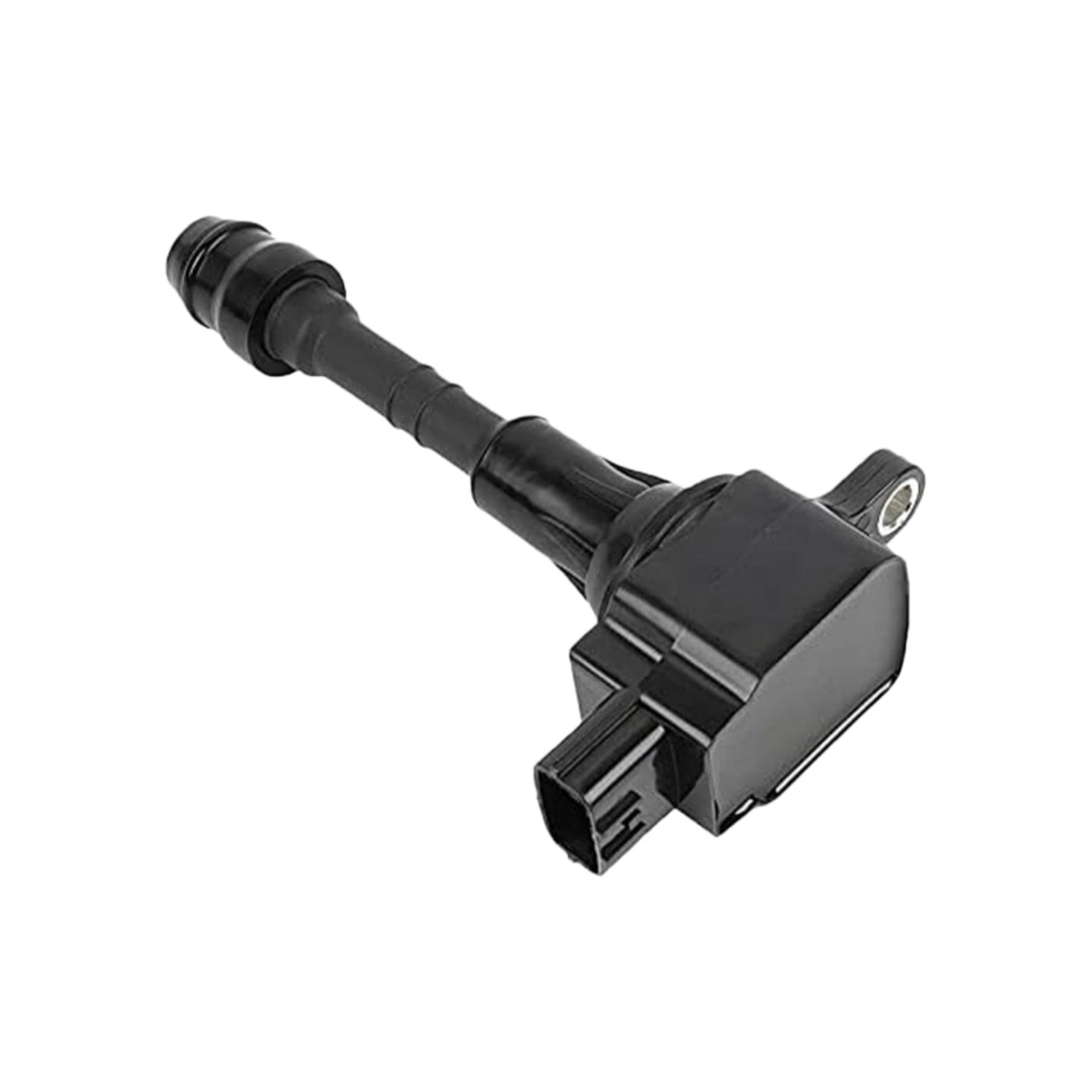 22448-AR215 22448-7S015 Ignition Coil for Nissan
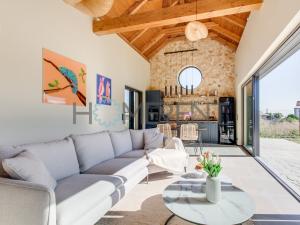 Prodej rodinného domu, Pavlíkov, 83 m2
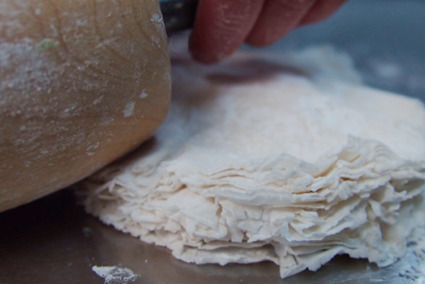 美穗园沼潭东路直营店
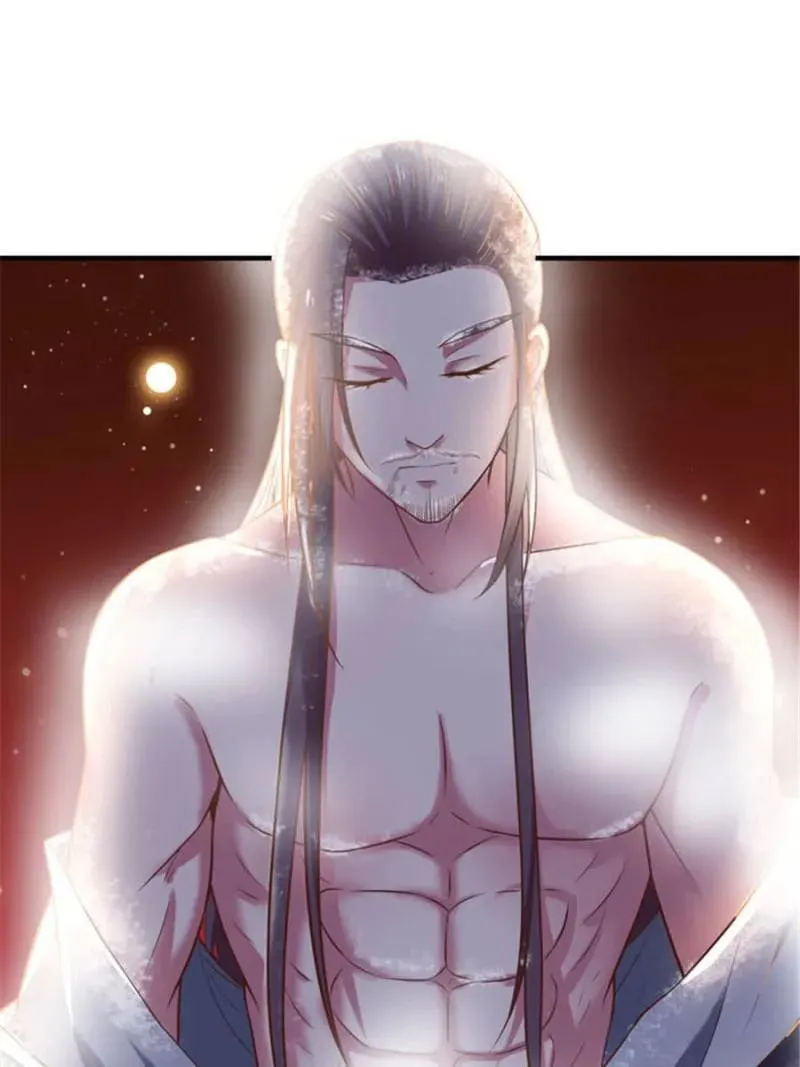 Mesmerizing Ghost Doctor (Colored) Chapter 25.1 page 59 -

● **EXERCISE INSTRUCTIONS**:
The expected response is every line of the material, written out exactly, with the images removed.

● **SOLUTION TO THIS EXERCISE**:
 22448-AR215 22448-7S015 Ignition Coil for Nissan
 Prodej rodinného domu, Pavlíkov, 83 m2
 美穗园沼潭东路直营店
 Mesmerizing Ghost Doctor (Colored) Chapter 25.1 page 59 -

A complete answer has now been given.